You might not like it, but this is what peak compiler performance looks like.

@ela This is quite impressive, and I wonder how complex you could make these kinds of functions while still having this kind of optimisation happening.

But it does make me ask: Should perhaps the compiler warn about these cases? I mean, it's great that the compiler can optimise it, but when it can, the code should probably be simplified, and that would be better than relying on the compiler.

@loke @ela

I would expect that this is the combination of a few things:

First, the compiler will turn a tail-recursive function into a loop. This is a fairly trivial transform (Python explicitly prohibits it because it loses backtrace information)l it’s just replacing the tail call with a branch to the entry point.

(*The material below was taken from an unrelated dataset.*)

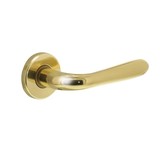 Intersteel Deurklink jupiter op rozet messing gelakt Intersteel Deurklink jupiter op rozet messing gelakt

After that, you have a simple loop. There will be a bit of canonicalisation to make it easier to analyse.

My guess is that this would then be handled by scalar evolution, which tries to model outputs from the loop as polynomials computed from the induction variable. Note that the loop has no side effects. This means each value in each iteration can be calculated from the previous one, which means that there must be a function that goes from the induction variable to the input to the output, so you’re just solving for that.

This particular case might be simpler because the value at the end depends on a single bit in the input, so it might be that known-bits analysis gives you the answer.

If you pass -mllvm -print-after-all to Clang, it will print the LLVM IR after each pass has run, so you can see all of the intermediate steps.